Los Angeles,
30
September
2021
|
06:01 AM
America/Los_Angeles

Cedars-Sinai Joins NIH Study of Early Childhood Development

New Consortium, Funded by NIH, Will Focus on How Biological and Environmental Exposures, including Opioids, Marijuana, Alcohol and Tobacco, Affect Development and Overall Health

Cedars-Sinai is joining a nationwide study to investigate how children's development is impacted by biological and environmental exposures, especially to opioids, marijuana, alcohol and tobacco, before and shortly after birth. The goal is to develop insights that can inform public policy to improve the health of children across the nation.

The HEALthy Brain and Child Development (HBCD) Study of the National Institutes of Health (NIH) will establish a large cohort of pregnant people and follow them and their children for at least 10 years. Findings from this cohort will provide a template of normative neurodevelopment in order to assess how prenatal and perinatal exposures to substances and environments may alter children’s developmental trajectories. This research infrastructure can also be leveraged for urgent health needs, such as the current impact of the COVID-19 pandemic on development, or future health and environmental crises.

"This study is important because little is known about the typical brain development of children in their first decade—a period that lays the foundation for the whole life—and even less about how prenatal and perinatal drug exposures might affect that process," said Wei Gao, PhD, director of Neuroimaging Research at the Biomedical Imaging Research Institute at Cedars-Sinai and professor of Biomedical Sciences. "The earlier we can identify children at risk for problems, the more quickly we can begin to intervene and optimize outcomes."

Gao is a world-renowned expert in applying magnetic resonance imaging (MRI) to reveal the secrets of early brain development in children. In a pioneering 2018 study with the University of North Carolina at Chapel Hill, he showed how growth rates of brain circuits in infancy may help predict what a child's intelligence and emotional health could be when the child turns 4, potentially allowing for early intervention. His work in developing an MRI-compatible crib to improve the imaging process was recently highlighted by the NIH on its website.

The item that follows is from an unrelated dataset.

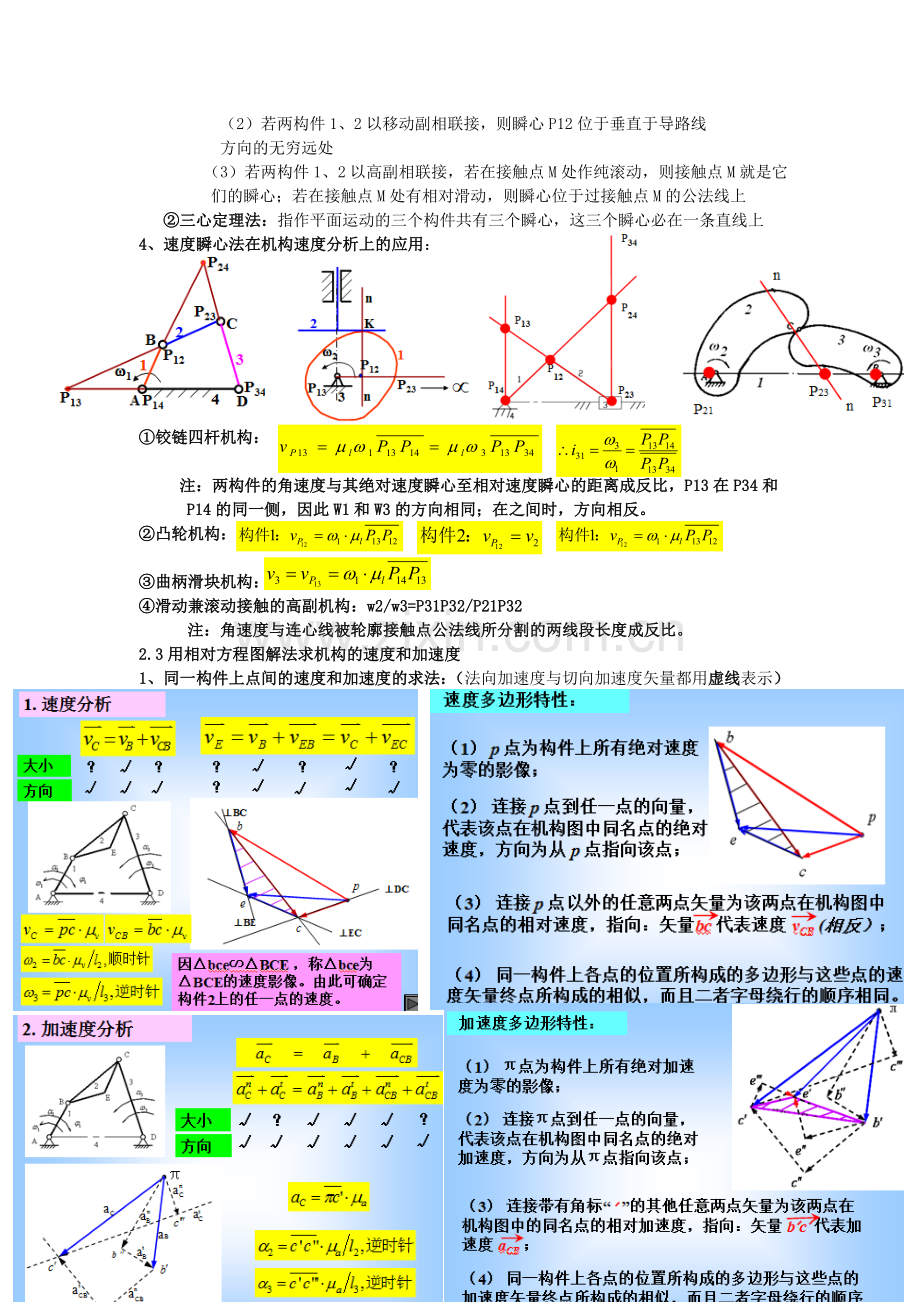 机械原理笔记.doc_第3页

Gao is the project director and principal investigator for this initial five-year, $5.8 million NIH grant, announced today, to support research for the HBCD study that will be conducted by Cedars-Sinai and two other institutions and enroll pregnant women and their children in the Los Angeles region. Cedars-Sinai is one of 25 such research sites across the nation in the NIH Healthy Brain and Child Development Consortium.

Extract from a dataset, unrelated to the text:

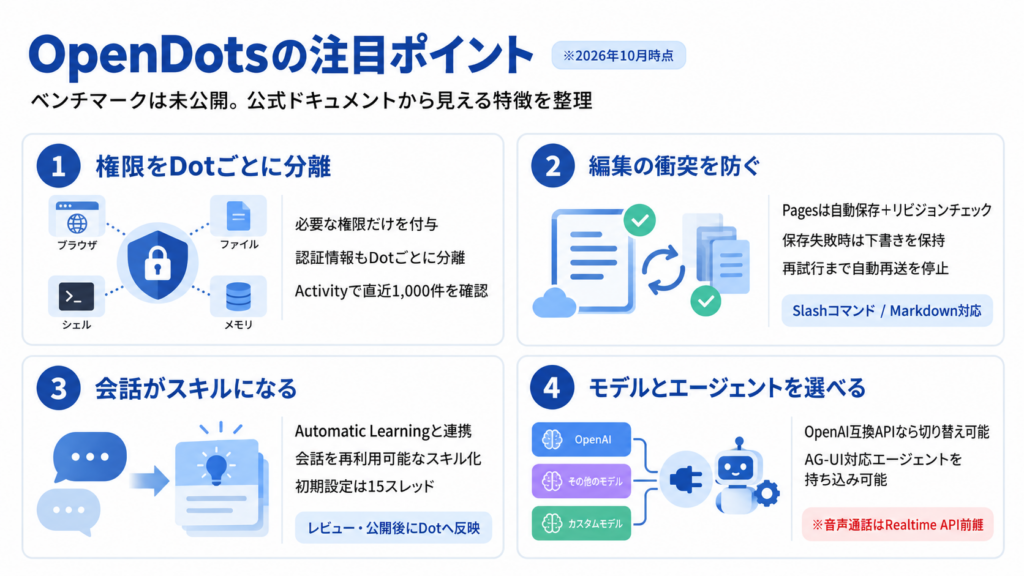 OpenDotsの特徴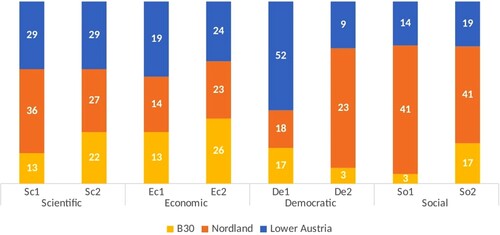 Figure 9. Observed impact of RRI by territory (percentages).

Gao's co-principal investigators on the grant are Kimberly Gregory, MD, MPH, professor and director of the Division of Maternal Fetal Medicine in the Department of Obstetrics and Gynecology and Helping Hand of Los Angeles—The Miriam Jacobs Chair in Maternal Fetal Medicine at Cedars-Sinai; Lynne Smith, MD, investigator at The Lundquist Institute and professor and chair of the Department of Pediatrics at Harbor-UCLA Medical Center and associate director of the Clinical and Community Research Resources Program of the UCLA Clinical and Translational Science Institute at The Lundquist Institute; and Scott Johnson, PhD, professor of Psychology, Psychiatry & Biobehavioral Sciences and director of the UCLA Baby Lab.

The longitudinal HBCD study will collect data on pregnancy and fetal development; infant and early childhood structural and functional brain imaging; anthropometrics; medical history; family history; biospecimens; and social, emotional and cognitive development. Knowledge gained from this research will help identify factors that confer risk or resilience for known developmental effects of prenatal and postnatal exposure to certain drugs and environmental exposures, including risk for future substance use, mental disorders, and other behavioral and developmental problems.

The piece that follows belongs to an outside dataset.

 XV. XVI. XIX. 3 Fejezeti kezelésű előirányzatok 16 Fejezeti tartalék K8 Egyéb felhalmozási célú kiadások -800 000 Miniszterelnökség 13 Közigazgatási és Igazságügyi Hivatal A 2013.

The award to Cedars-Sinai is part of the Phase II HBCD Study, in which a fully integrated, collaborative infrastructure will support the collection of a large dataset that will enable researchers to analyze brain development in opioid-exposed and non-drug-exposed infants and children across a variety of regions and demographics. 

HBCD is funded by 10 institutes and offices at the National Institutes of Health, and the Helping to End Addiction Long-termSM Initiative, or NIH HEAL InitiativeSM, and is led by the National Institute on Drug Abuse.